Husted has reasonably legitimate arguments for his decision. Unlike voter ID debates, they’re not grounded in fake frauds. He argues that consistency matters. "This will be the first time in Ohio that all voters that participate in this election have the same rules statewide," Husted's press secretary, Matt McClellan, told me with evident pride when I asked him about the restricted early voting hours. McClellan points to the uniformity not only in hours but also in absentee ballot applications. Everyone in Ohio will be able to vote Monday through Friday, between 8 a.m. and 5 p.m., starting October 2. Beginning October 22 through November 2, evening hours go up to 7 p.m.

But while voters in Ohio have more options than those in, say, Pennsylvania, where there's no early voting and absentee ballots require a reason, voting rights activists are nonetheless justifiably outraged. A consistent rule does not have consistent impact. "It's a ridiculous idea because of the differences, the very large differences [between] counties," says Norman Robbins, the research director for Northeast Ohio Voter Advocates. "His being consistent is a race to the bottom."

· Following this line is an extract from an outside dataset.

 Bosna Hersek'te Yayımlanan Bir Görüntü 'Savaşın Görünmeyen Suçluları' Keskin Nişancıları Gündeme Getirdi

At this point, Husted’s partisanship is hard to miss. As if to confirm his critics’ fears, he was recently announced as a speaker at the state summit of True the Vote, a controversial Tea Party group best known for sending white poll watchers out to largely black polling sites in Houston, Texas, prompting loud accusations of voter intimidation. (He later cancelled the appearance.)

One election law expert puts in bluntly: “The hours of early voting in Ohio are the product of a partisan process, not a nonpartisan process,” says Ned Foley, the head of the Moritz Law Center at Ohio State University and an election law expert. "I’d imagine a fair and impartial process would have resulted in some degree of weekend hours for the state.”

After this election, it’s hard to imagine anyone seeing Husted as a nonpartisan negotiator. It’s a sad for a politician who promised to end the partisanship that’s tainted so many Ohio elections and left many questioning whether the results were fair. But it may also be inevitable. Husted is, after all, a long-standing Republican politician, having served as both a state senator and speaker of the house, and his relationship to the party must impact at least some of his decision-making. Furthermore, Democrats can’t fully trust his decisions when they benefit Republicans, no matter what rationale he offers.

Once again, sadly, one party will question whether the results in Ohio were fair—and this year, with a close presidential election on the line, the rancor will likely be worse than ever. You have to wonder if the problem isn’t Husted himself, so much as a deeplly flawed system in which a party-affiliated politician decides the rules for what should be an impartial process.